Streaming now on Hoopla and various other platforms.


3. Bugsy Malone
(dir. Alan Parker | UK/USA |1976)

 

Question: has their ever been a better idea in the nearly century and a half of cinema’s existence than a lavish movie musical about gangsters in the Prohibition era where the cast is entirely comprised of children? It helps when your music is all crafted by the genius that is Paul Williams (Phantom of the Paradise, The Muppet Christmas Carol*). Put modern day Scott Baio out of your mind, and enjoy this deeply entertaining (and deeply, deeply odd) musical now that it is readily available in the US!

*The best cinematic adaptation of the Dickens classic, FWIW.

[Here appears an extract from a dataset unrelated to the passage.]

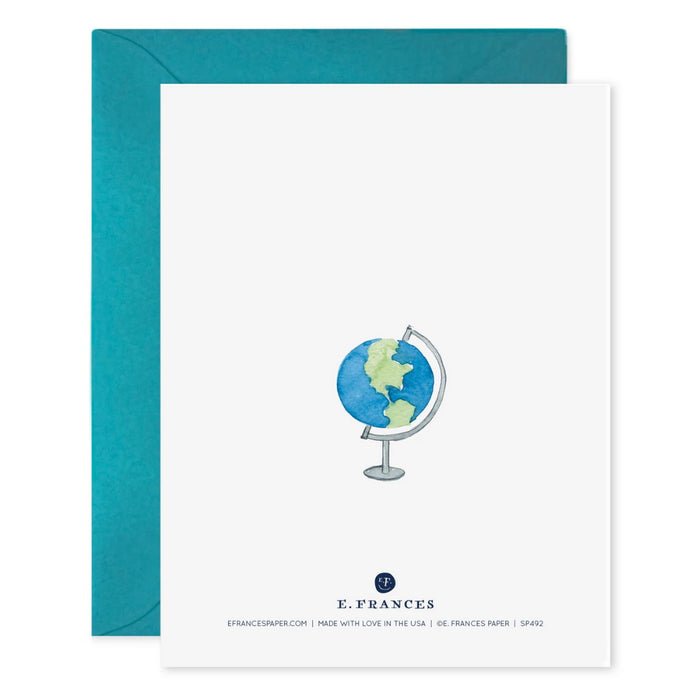 The E. FRANCES PAPER - TEACHER EQUALS HERO CARD by E. FRANCES PAPER is a white card with "TEACHER=HERO" in bold iridescent blue and "thank you" elegantly scripted in gold, made of luxe heavyweight paper. It exudes positivity and includes a matching teal envelope.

Streaming now on Amazon Prime, Pluto TV, and various other platforms.


4. Sing Street
(dir. John Carney | Ireland/USA/UK | 2016)

 

How do you top crafting a tender musical released to almost universal acclaim that won the Best Original Song Oscar? If you’re Once director John Carney, you swap out the stirring soul-searching of adulthood for the yearning/horny/angry that is young adulthood and fill it to the brim with absolute knock-out pop songs. Will I ever come to terms with Sing Street being shut out of the Best Original Song category? *Scowls in the direction of La La Land* Unlikely.

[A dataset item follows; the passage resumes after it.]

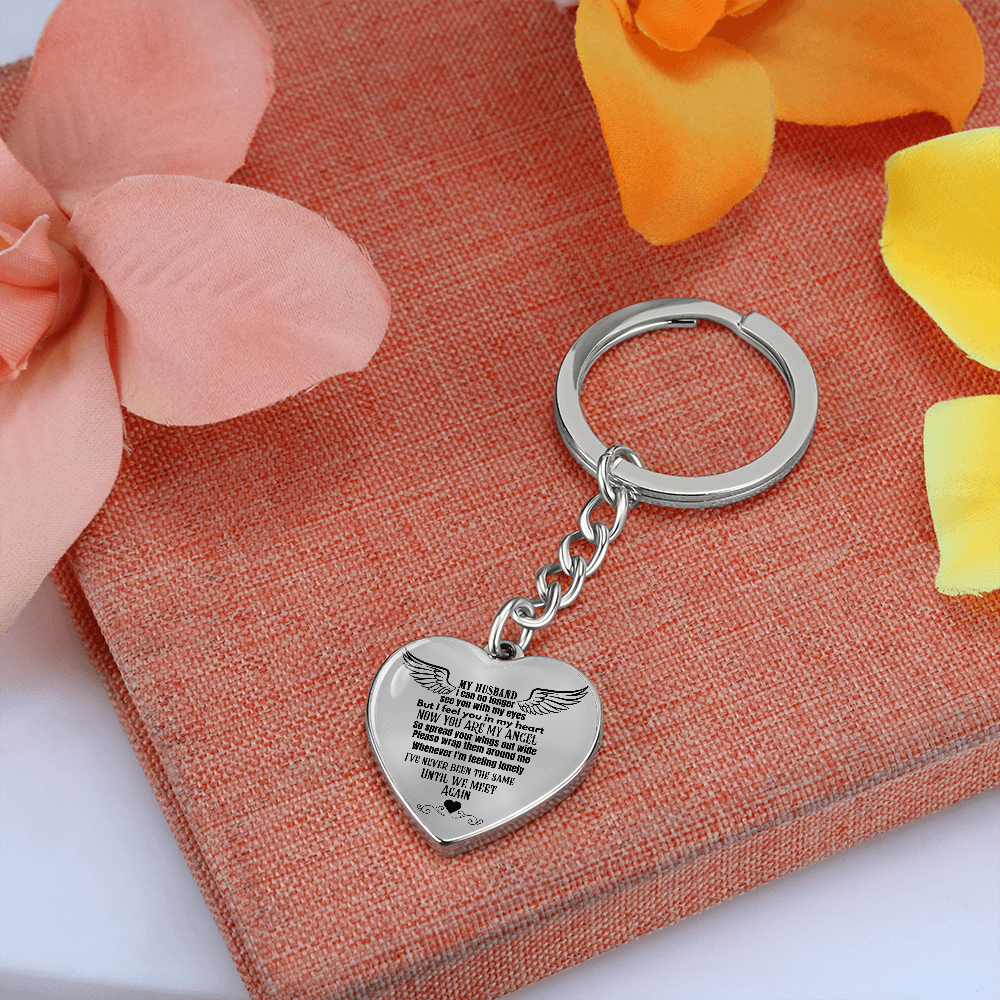 Heart Pendant Keychain for Widows, Angel Remembrance Jewelry Gift for Husband in Loving Memory, Grief Support, Anniversary & Memorial Gift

Streaming now on Tubi, the Roku Channel, and various other platforms.


5. School of Rock
(dir. Richard Linklater | USA | 2003)

 

If you allow me the technicality of the band’s leader being an adult in a state of arrested development instead of a literal child, it would be impossible to leave Richard Linklater’s winning comedy off this list. A lovely marriage of Linklater’s indie instincts with a mainstream sensibility, it’s no wonder that this movie was the smash success it was, spawning a stage musical and Nickelodeon TV spinoff. Lovably gruff adult lead surrounded by cherubic, talented tots is a time-tested formula for cinematic success!

Streaming now via HBO and various other platforms.